New Delhi (06.08.2025): When the Pradhan Mantri Jan Dhan Yojana (PMJDY) initiative was rolled out in 2014, it wasn’t just a policy announcement, it was the beginning of one of the world’s most ambitious financial inclusion campaigns. Over 400 million[i] bank accounts were opened, granting millions of underserved Indians access to formal financial services. Over the decade, deposits in these accounts increased from ₹14.6 thousand crore to ₹260.3 thousand crore. While the private banks opened 179 lakh accounts by 2025 (77 lakh rural and 102 lakh urban accounts), public banks reported a significantly larger footprint by opening 5,319 lakh accounts, including 3,578 lakh in rural areas and 1,741 lakh in urban areas. Therefore, public banks (public sector banks and regional rural banks combined) accounted for over 96% of the beneficiaries and over 97% of the deposits in these accounts.

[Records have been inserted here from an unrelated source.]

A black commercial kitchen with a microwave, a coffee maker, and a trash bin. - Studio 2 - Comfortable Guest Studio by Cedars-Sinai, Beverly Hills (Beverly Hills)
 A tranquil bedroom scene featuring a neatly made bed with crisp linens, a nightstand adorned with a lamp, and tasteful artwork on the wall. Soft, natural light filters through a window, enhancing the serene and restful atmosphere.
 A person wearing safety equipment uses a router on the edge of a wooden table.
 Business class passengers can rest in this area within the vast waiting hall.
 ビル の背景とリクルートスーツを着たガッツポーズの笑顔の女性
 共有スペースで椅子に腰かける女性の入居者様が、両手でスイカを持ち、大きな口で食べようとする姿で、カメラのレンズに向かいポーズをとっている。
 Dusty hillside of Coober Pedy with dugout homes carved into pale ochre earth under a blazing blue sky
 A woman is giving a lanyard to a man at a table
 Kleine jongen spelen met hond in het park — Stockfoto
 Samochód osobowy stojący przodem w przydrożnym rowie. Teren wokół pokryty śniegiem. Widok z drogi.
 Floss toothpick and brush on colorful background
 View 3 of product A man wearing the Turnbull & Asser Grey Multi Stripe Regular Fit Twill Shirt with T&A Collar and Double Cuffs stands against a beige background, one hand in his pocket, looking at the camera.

The program was widely celebrated for its social impact: enabling direct welfare transfers, fostering digital payment adoption, and empowering economically marginalized communities. However, there’s a quieter yet equally powerful story that hasn’t been in the spotlight, the profound influence this initiative has had on stabilizing India’s banking sector.
Our recent study[ii] reveals that financial inclusion through PMJDY wasn’t just a win for the underserved; it was also a win for the banking system itself. By analyzing data from 38 Indian banks between 2015 and 2021, we uncovered a clear connection between financial inclusion and improved bank stability. The results were striking, with particular emphasis on the outsized impact of rural financial inclusion on overall bank stability. One of the most important findings was how expanding access in rural areas contributed significantly to the resilience of banks.
Banks with more PMJDY accounts, especially in rural areas, were consistently healthier, away from financial distress, maintained stronger low-cost deposit bases, and faced lower risks of bad loans. Rural branches often struggled with liquidity; this was a game-changer under the PMJDY. Rural India played a transformative role by making the system more resilient during economic fluctuations.
A Quiet Revolution with National and Global Lessons
The Government should strengthen the Public Sector Banks (PSBs) which emerged as leaders in translating financial inclusion into institutional stability. Despite opening more Jan Dhan accounts than private banks, PSBs showed improvements in key stability metrics like CASA ratios. This study challenges us to rethink financial inclusion, not just as a moral or developmental goal, but as smart banking strategy. By increasing participation in the formal financial system, programs like PMJDY reduce risk for banks, build stability, and strengthen the broader economy.
India’s success offers valuable insights for other nations facing inequality and fragile banking systems. The message is clear: inclusion isn’t just about empowering households; it’s about fortifying the institutions that serve them.